- **Problem details**
Copying exactly, give the lines in the material below from the one with "Lichtmaschine passend für" to the one with "Dover, VT 05356,10B Grouse LN", ends included, and nothing besides.

*** Opening Task material ***

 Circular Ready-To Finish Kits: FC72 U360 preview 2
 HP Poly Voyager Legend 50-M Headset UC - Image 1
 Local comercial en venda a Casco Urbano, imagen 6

*** Closing Task material ***
*** Opening Task material ***

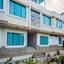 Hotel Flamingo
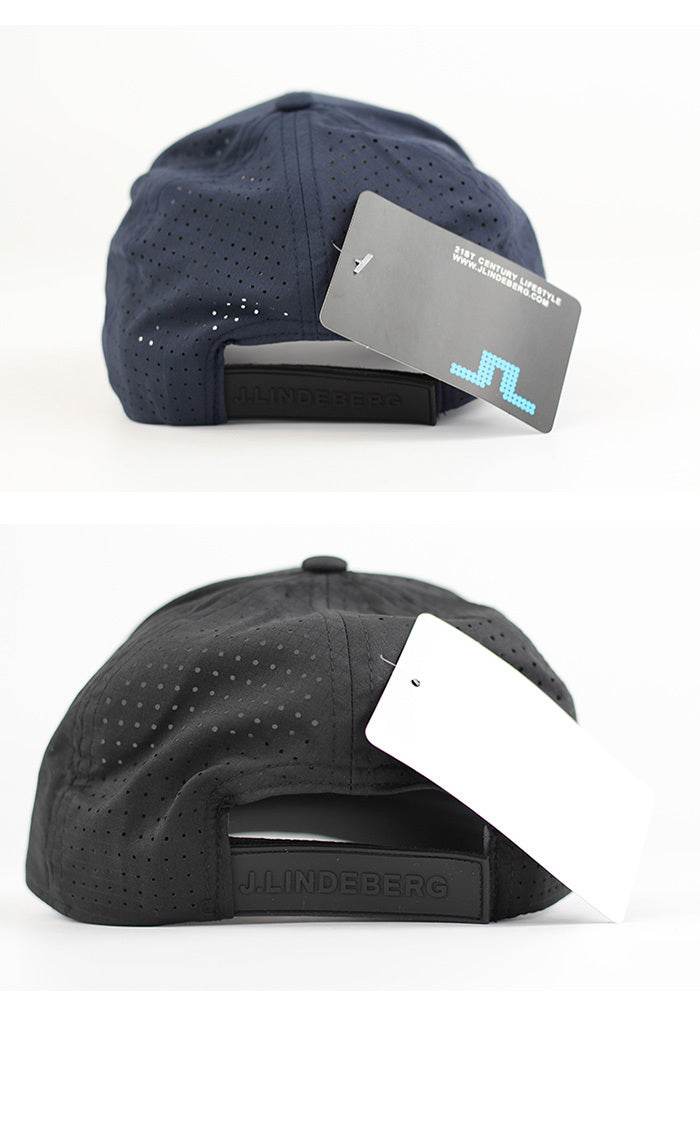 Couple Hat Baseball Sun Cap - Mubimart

*** Closing Task material ***
*** Opening Task material ***

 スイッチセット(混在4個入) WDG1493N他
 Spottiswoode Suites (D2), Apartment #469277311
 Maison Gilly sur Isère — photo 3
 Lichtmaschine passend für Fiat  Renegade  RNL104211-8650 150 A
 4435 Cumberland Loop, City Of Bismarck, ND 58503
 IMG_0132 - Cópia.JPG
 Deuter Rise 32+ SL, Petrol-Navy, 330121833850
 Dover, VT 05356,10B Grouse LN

*** Closing Task material ***

- **Response area**
 Lichtmaschine passend für Fiat  Renegade  RNL104211-8650 150 A
 4435 Cumberland Loop, City Of Bismarck, ND 58503
 IMG_0132 - Cópia.JPG
 Deuter Rise 32+ SL, Petrol-Navy, 330121833850
 Dover, VT 05356,10B Grouse LN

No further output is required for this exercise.